Problem description: In the records, each line holding "high" must be reported.

Records for processing Start Marker

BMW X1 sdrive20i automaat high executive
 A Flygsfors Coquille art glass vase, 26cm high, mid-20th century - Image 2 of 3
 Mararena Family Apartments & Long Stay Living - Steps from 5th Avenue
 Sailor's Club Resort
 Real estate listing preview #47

Records for processing End Marker

Solution to the problem:
BMW X1 sdrive20i automaat high executive
 A Flygsfors Coquille art glass vase, 26cm high, mid-20th century - Image 2 of 3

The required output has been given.